In some exemplary embodiments, building 200 including panels 100 may optionally incorporate at least one panel 100 that is shorter (has a smaller L1 measurement, for example 28′8⅝″) than the other panels 100 and that is positioned with its top short side 110 aligned with the top short sides 110 of the other panels 100 so as to create an opening 220 in the exterior of building 200 at a lower end thereof (see, for example, FIG. 5). A corresponding fin 400 may also be included that is shorter than the other fins 400, and is positioned with its top end aligned with the top ends of the other fins 400. Such a corresponding fin may be mounted to its corresponding panels 100 by fittings that are different from fittings 210 used to mount the other fins 400.

Opening 220 can be used as an entrance to building 200. Opening 220 may be fitted with doors 230, which may be glass, and which may be curved so as to match the profile of panels 100. Building 200 may further optionally include an awning 240 extending from the exterior of building 200 over an area corresponding to the opening. Awning 240 may also extend within building 200 and be attached to at least one fin 400. Building 200 may also include various fittings 250 in addition to the fittings already described.

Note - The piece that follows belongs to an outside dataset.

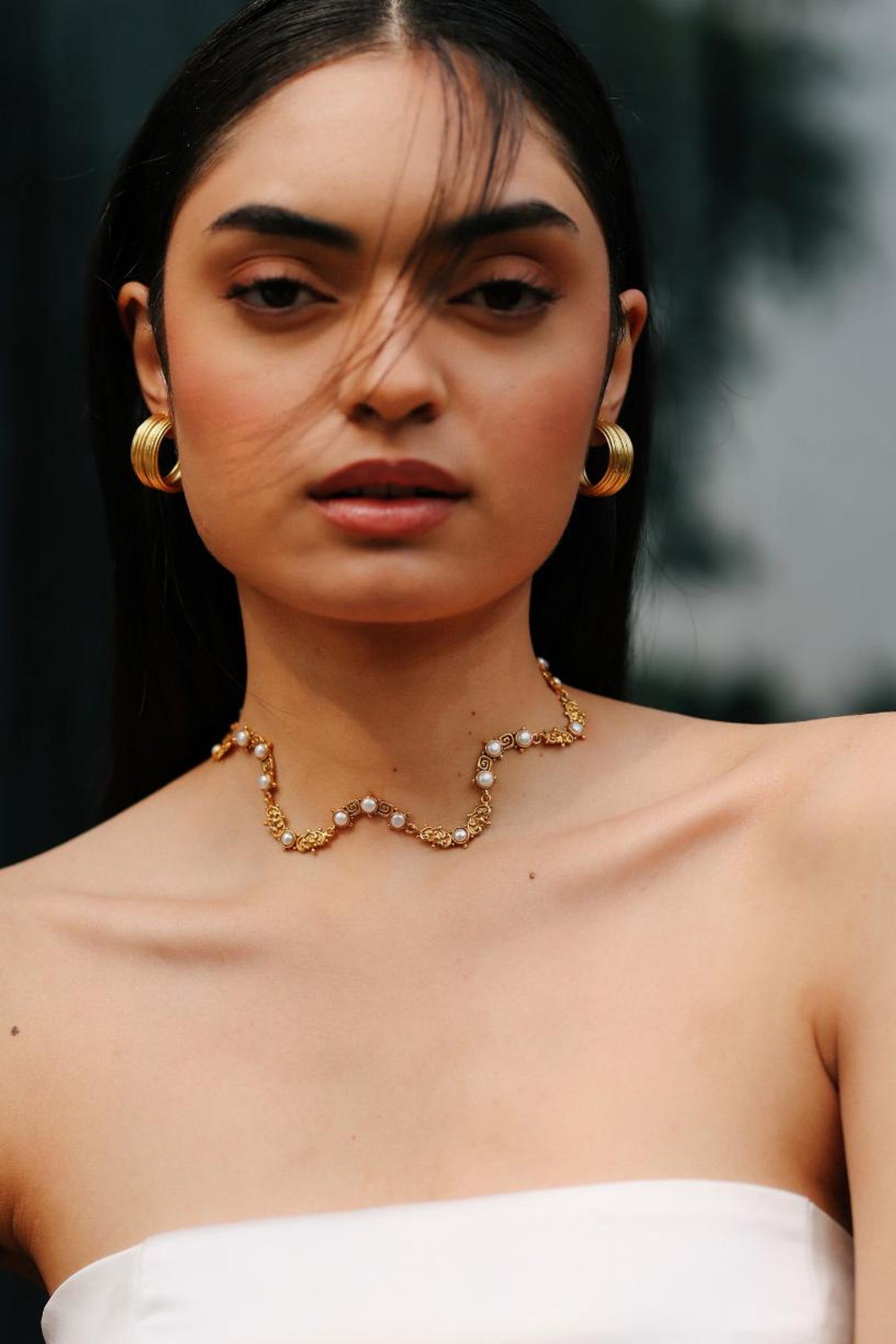 Statement Pearl Choker- Intricate Choker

The positions of panels 100, fins 400, first beams 510, second beams 520, third beams 530, curved beams 550, first roof panels 310, and second roof panels 320 are described above to some extent based on their orientation with respect to other elements of building 200. In many cases, edges or sides of panels 100, fins 400, first beams 510, second beams 520, third beams 530, curved beams 550, first roof panels 310, and second roof panels 320 are described as proximate to other edges or sides of panels 100, fins 400, first beams 510, second beams 520, third beams 530, curved beams 550, first roof panels 310, and second roof panels 320. As would be appreciated by one of skill in the art, building 200 may include fittings to connect these elements to one another. These fittings may include, for example, clamps, threaded elements, adhesive elements, anchors, holes, or any combination thereof. These fittings may be separable from the other elements of building 200, or may be integrally formed therewith. For example, portions of the fittings may, in the case of glass building elements, be laminated with the glass to as to be integrally formed therewith.

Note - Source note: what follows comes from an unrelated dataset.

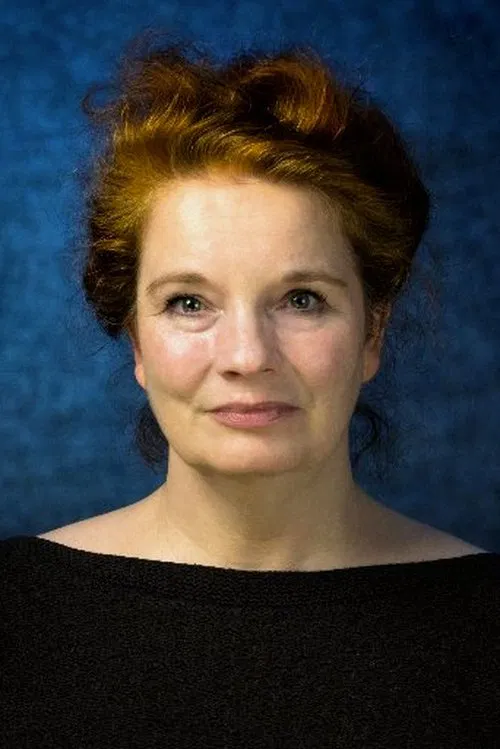 Emma Spurgin Hussey profile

The numbers, values, amounts, ranges, and the like that have been described above with reference to exemplary embodiments of the present invention are presented as examples, and are not limiting. As one of skill in the art would appreciate, the numbers, values, amounts, ranges, and the like presented above may be varied within appropriate ranges without departing from the spirit and scope of the present invention.

The various elements of building 200, including panels 100, fins 400, first beams 510, second beams 520, third beams 530, curved beams 550, first roof panels 310, and second roof panels 320 have been described above in exemplary positions relative to each other, and in exemplary shapes, numbers, sizes, dimensions, and other qualities. It will be appreciated by one of skill in the art that the elements of building 200 may be configured in a wide variety of positions, shapes, numbers, sizes, dimensions, and other qualities and that the configuration used may depend on many factors, including, for example, the overall size and dimensions of the building and available area for the building, the aesthetic appearance desired, or the structural specifications desired.

While various exemplary embodiments of the present invention have been described above, they have been presented by way of example only, and not limitation. The elements of the exemplary embodiments presented above are not necessarily mutually exclusive, but may be interchanged to meet various needs as would be appreciated by one of skill in the art.

It therefore will be apparent to one skilled in the art that various changes in form and detail can be made to the exemplary embodiments disclosed herein without departing from the spirit and scope of the present invention. The phraseology or terminology herein is used for description and not for limitation. Thus, it is intended that the present invention cover modifications and variations of this invention provided they come within the scope of the appended claims and their equivalents.